Scivolare nella semplificazione, che distorce la realtà, è molto facile in un’epoca in cui prevale il rumore. Nell’ansia di comunicare invece si tende spesso a spettacolarizzare i fatti, a fare analisi sbrigative, a gonfiare e drogare le notizie. Nella rappresentazione della realtà c’è bisogno di parole vere che siano semi di fiducia e speranza, di una comunicazione che comunichi secondo la logica della buona notizia.
Certo, ci sono anche le buone notizie, ma “non fanno notizia” nel sistema massmediale, che tende a dilatare gli allarmi sociali e le paure. È quanto emerso dal seminario che si è tenuto a Roma nei giorni scorsi “Comunicare la Carità. Strumenti per imparare a raccontarsi”, promosso dalla Consulta Ecclesiale degli Organismi socio-assistenziali, con l’Ufficio nazionale per le comunicazioni sociali della CEI.

“Non è vero che va tutto male. Dalla crisi non si esce se la prefigurazione degli scenari è negativa - ha dichiarato Nando Pagnoncelli, amministratore delegato di IPSOS Italia (leggi l’intervista qui). Se si parla di migranti, per esempio, “se ne parla solo in chiave allarmistica”. Ma “la politica ha il dovere di occuparsi dell’accoglienza –ha aggiunto Mons. Giancarlo Perego, direttore generale di Migrantes - l’argomento invece è molto strumentalizzato”.
“Occorre dunque imparare a raccontare costruendo percorsi di dialogo con i più deboli, i poveri e gli emarginati”, ha dichiarato Mons. Francesco Soddu, direttore della Caritas Italiana”.

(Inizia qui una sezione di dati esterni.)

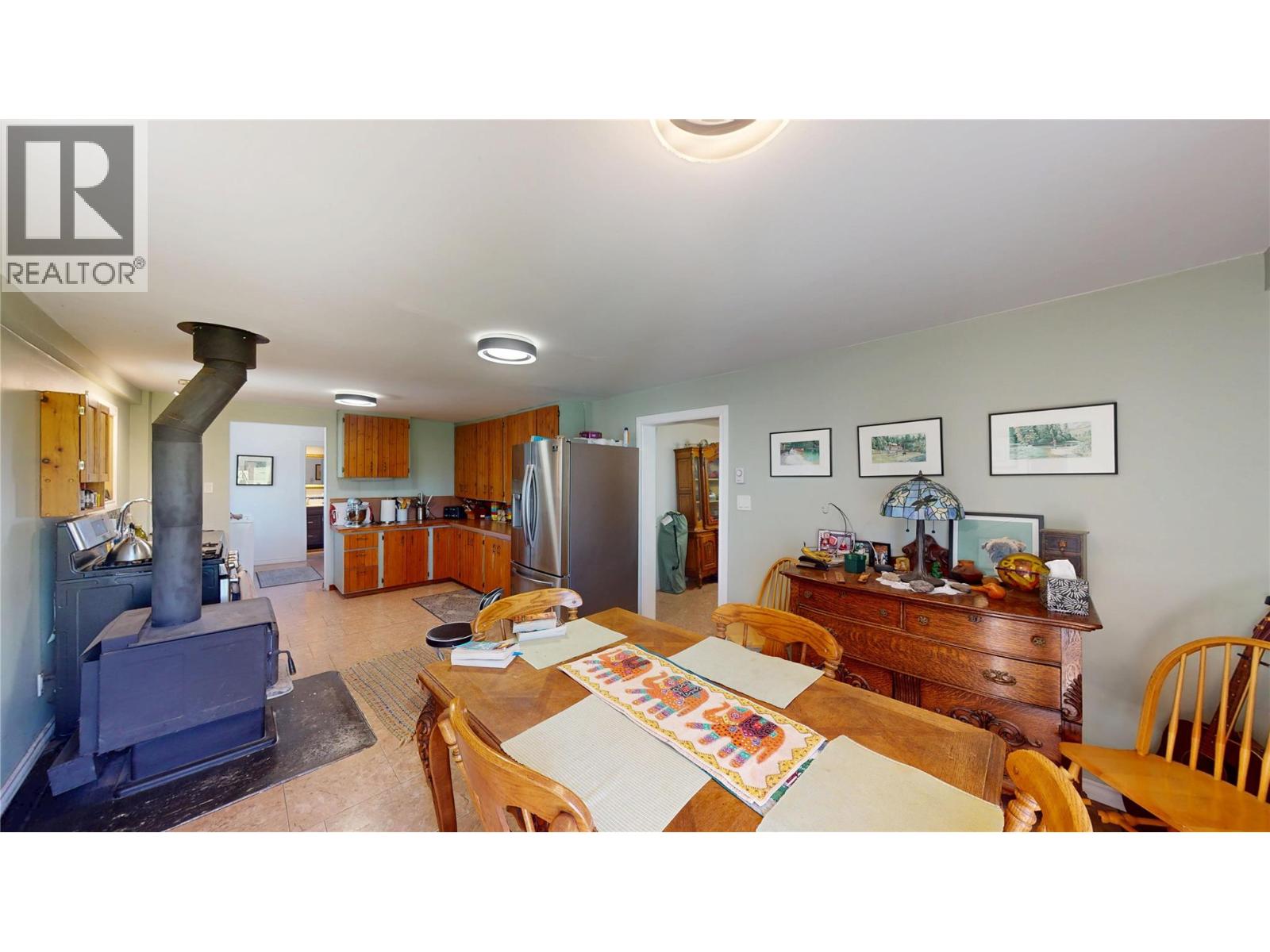 6604 Dogwood Road, Wasa, British Columbia  V0B 2K0 - Photo 6 - 10390670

“La strada deve essere la nostra protagonista – ha detto Don Luigi Ciotti, Presidente Nazionale di 'Libera' - ci indica il cammino da intraprendere. ‘Libera’ è nata, infatti, dopo gli omicidi di Falcone e Borsellino, che sono avvenuti appunto per strada, e ci educa a non avere paura delle contraddizioni e a mettere la persona al centro con la sua irripetibilità nella storia, perché siamo tutti diversi”.
“La difficoltà pertanto è nella selezione delle notizie che formano l’opinione pubblica, ha aggiunto Don Ivan Maffeis, sottosegretario Cei, perché la carità comunica da sola”.
“Il seminario - ha concluso Don Armando Zappolini, presidente del Coordinamento delle Comunità di Accoglienza - ha cercato di dare le prime risposte a un mondo cattolico che vuole essere più incisivo nella vita del Paese e aiutare Papa Francesco nella conversione verso le periferie dell’umanità”.